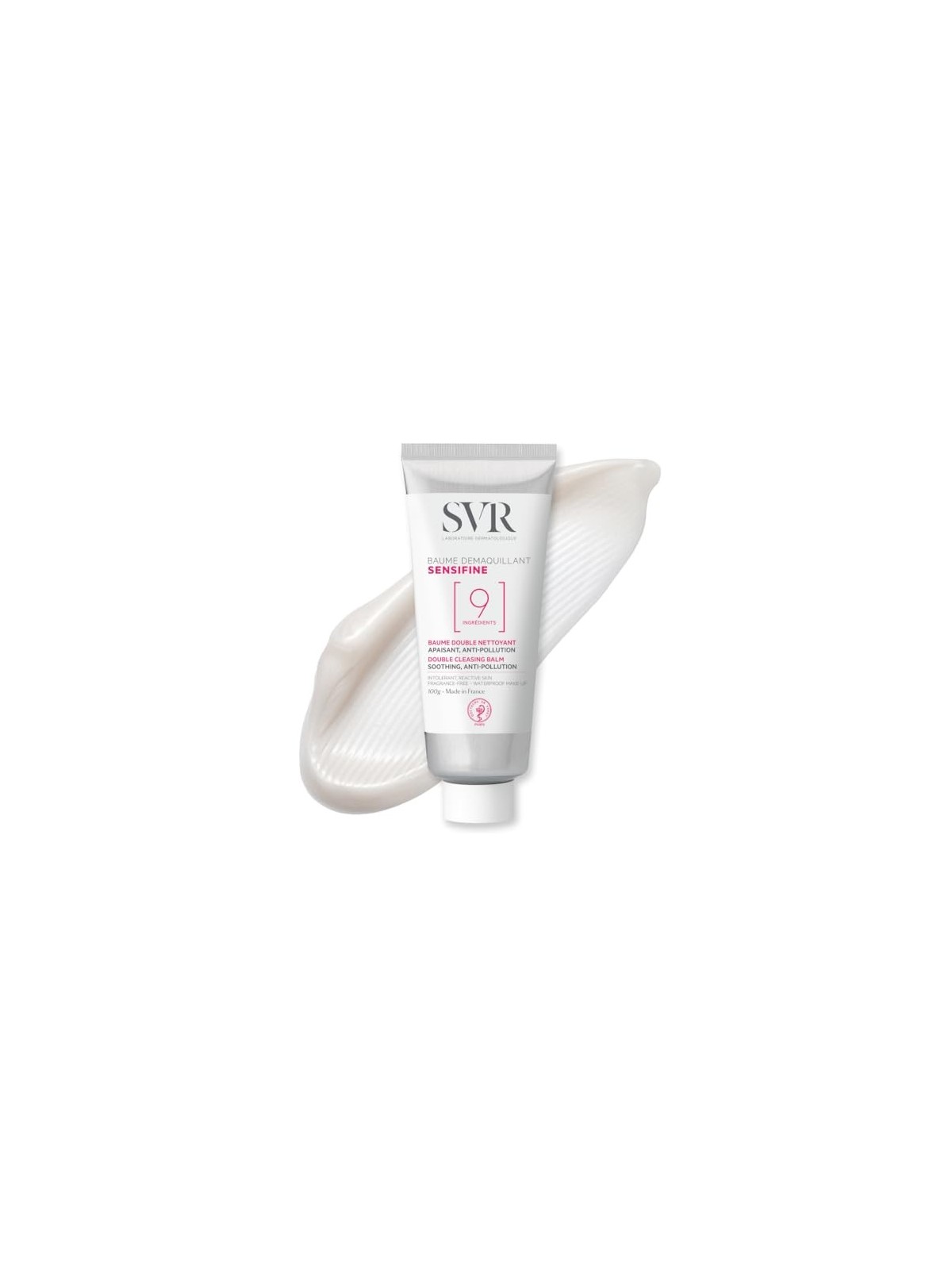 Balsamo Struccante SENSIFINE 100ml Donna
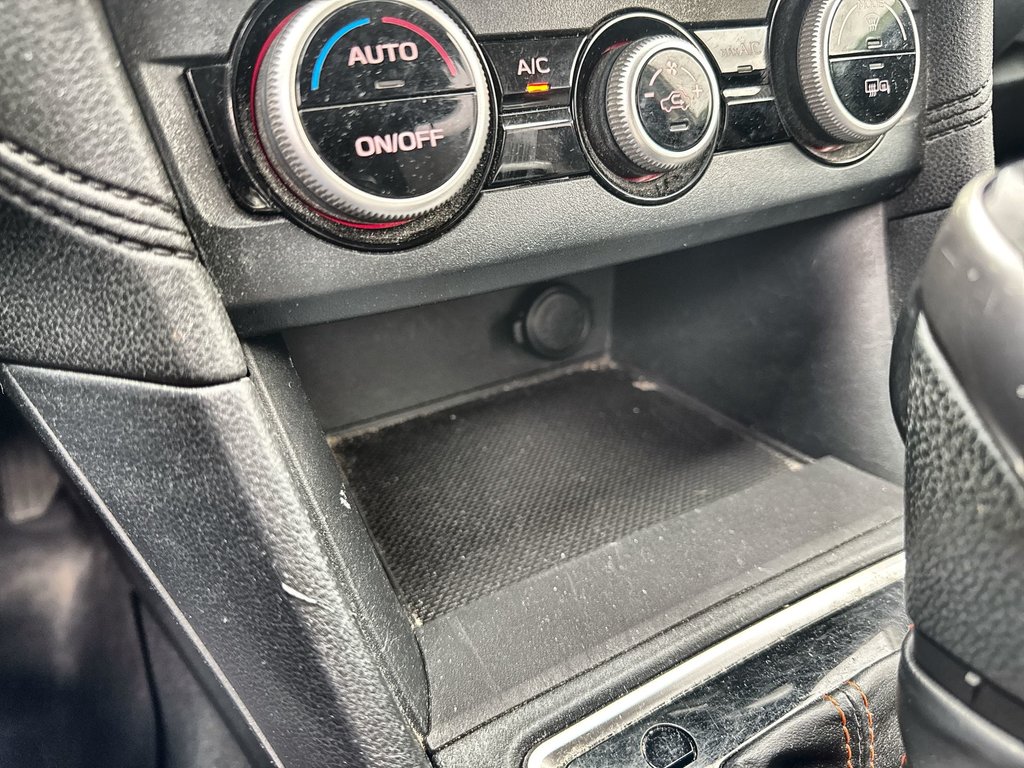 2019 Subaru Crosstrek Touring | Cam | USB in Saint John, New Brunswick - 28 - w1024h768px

===============

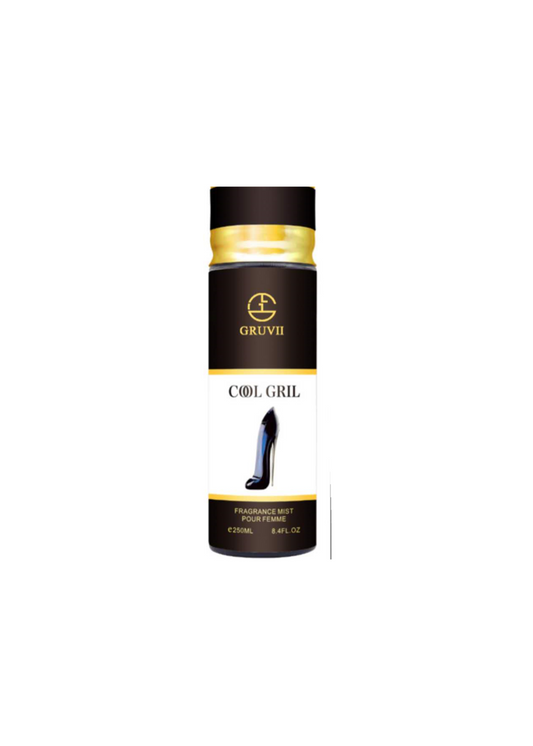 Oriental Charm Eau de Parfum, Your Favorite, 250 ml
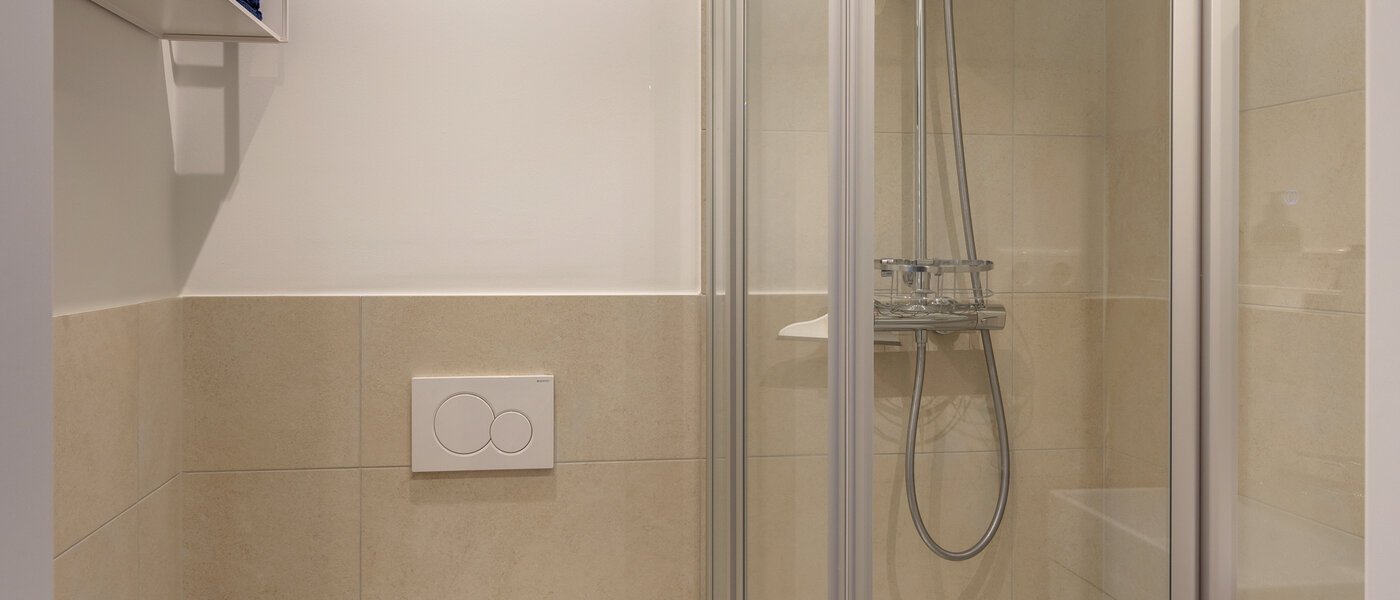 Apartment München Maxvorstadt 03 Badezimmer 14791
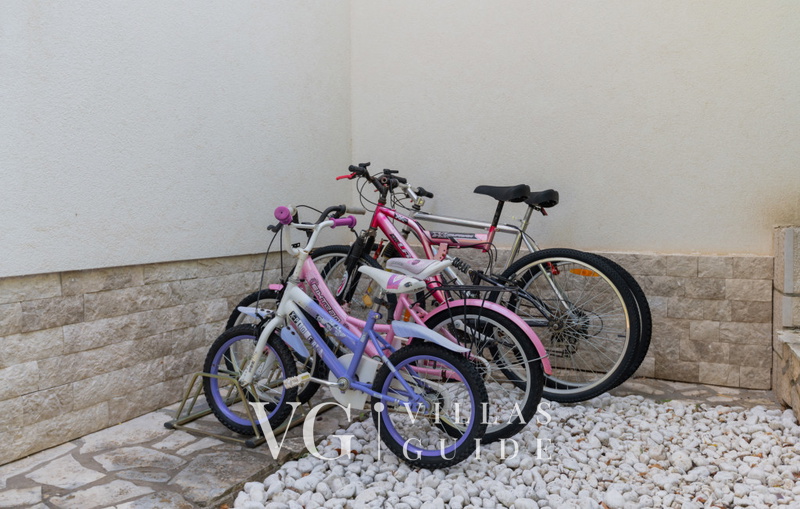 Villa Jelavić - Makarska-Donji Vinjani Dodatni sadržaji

===============

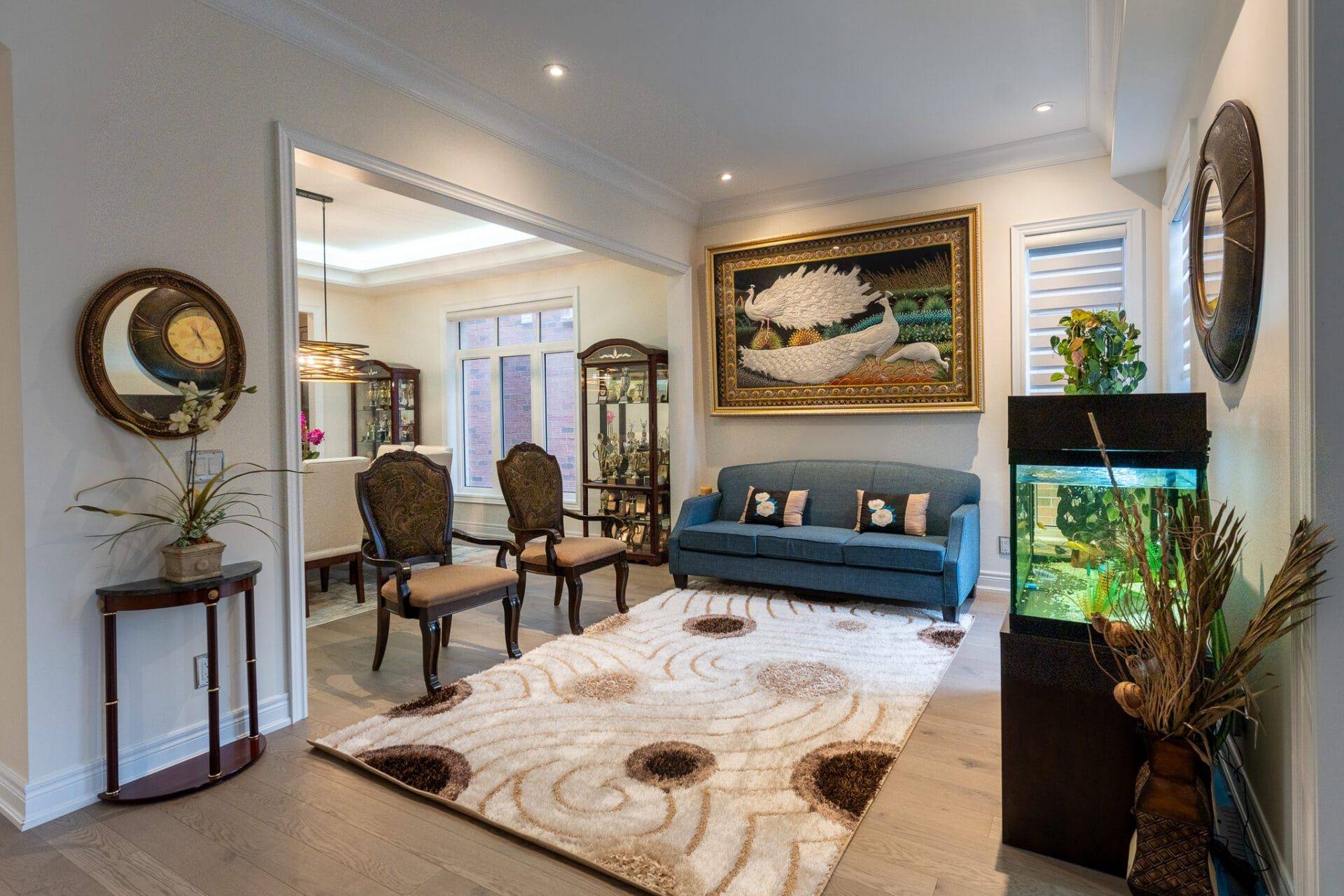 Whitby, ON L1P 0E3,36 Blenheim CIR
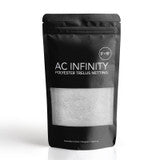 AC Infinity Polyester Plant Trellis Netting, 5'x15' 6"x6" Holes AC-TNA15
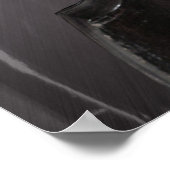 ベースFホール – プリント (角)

===============

> **EXERCISE**: Given the entries above, transcribe exactly the lines from the one holding "Whitby, ON L1P 0E3,36 Blenheim CIR" through the one holding "ベースFホール – プリント (角)"; pictures do not belong in the transcription.

> **SOLUTION FOR THIS EXERCISE**:
 Whitby, ON L1P 0E3,36 Blenheim CIR
 AC Infinity Polyester Plant Trellis Netting, 5'x15' 6"x6" Holes AC-TNA15
 ベースFホール – プリント (角)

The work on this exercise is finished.